Por: Victoria Martínez
Hombre mirando al sudeste (1986) la conseguí en un departamento solitario por el Metro La Raza; él me la prestó sin ton ni son y sólo me dijo “tienes que verla, te va a gustar mucho”, crítica popular, a veces más atinada que cualquier especialista.
Las lágrimas de felicidad me lo indicaron todo: Eliseo Subiela una vez más había hecho latir mi corazón hasta el punto de que se me salió.
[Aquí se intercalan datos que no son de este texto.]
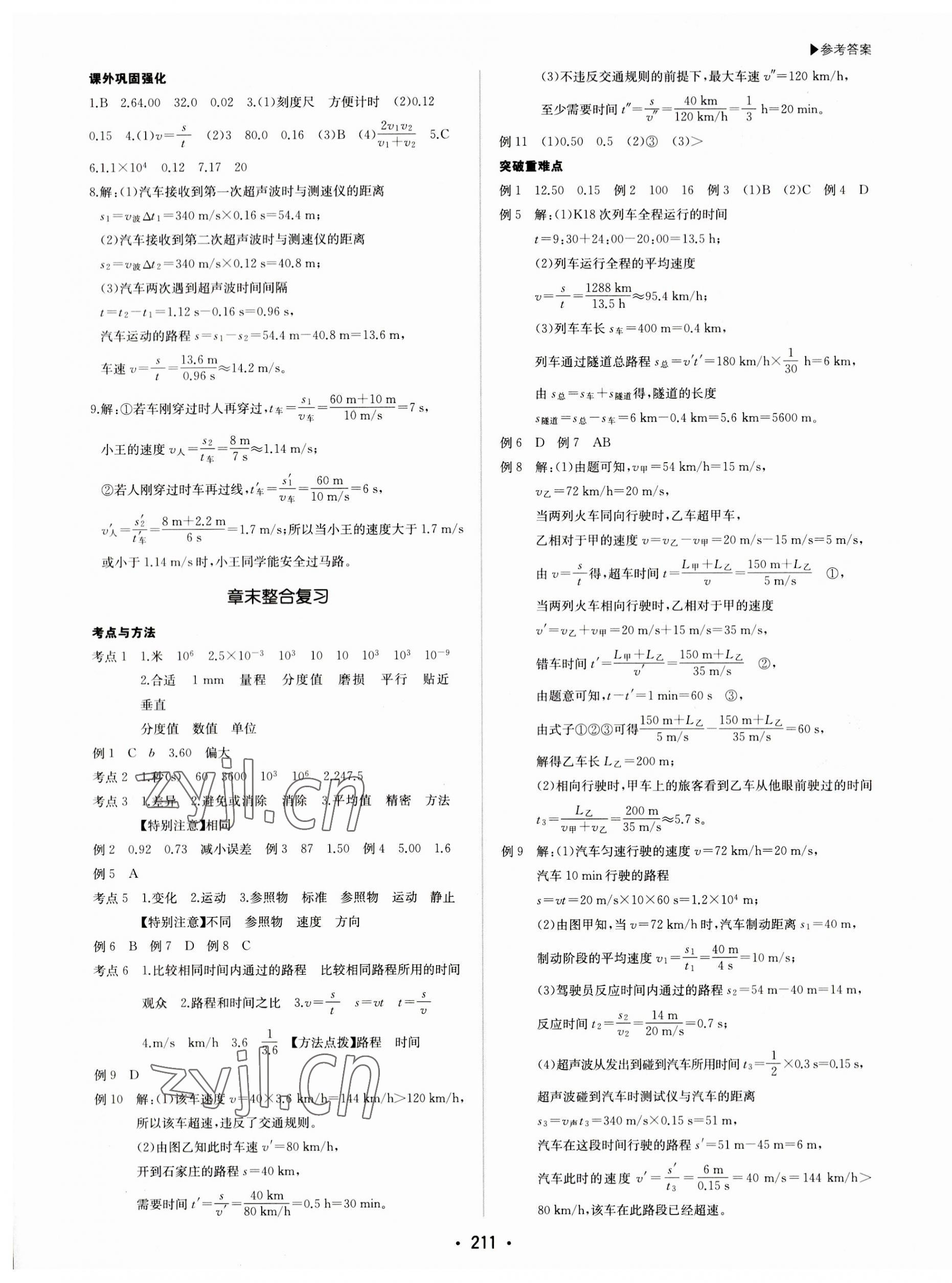 2023年超越训练八年级物理上册人教版 第3页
Y es que, querido lector, si a usted no le conmueven las historias de poetas mortales que nos muestran su forma tan profunda y artística de morir por el amor de una prostituta (El lado Oscuro del Corazón, 1992), entonces, le recomiendo irracionalmente esta segunda entrega cuyo argumento se concentra en los siguientes términos: reflexión ante la deshumanización; la nostalgia de la felicidad que pasa sin pena ni gloria; la decadencia del hombre y su condición cultural después de las guerras individuales y colectivas, tangibles e intangibles; la peligrosa locura de la civilización y la locura que hace falta exteriorizar, la que hace amar al prójimo, la bella locura.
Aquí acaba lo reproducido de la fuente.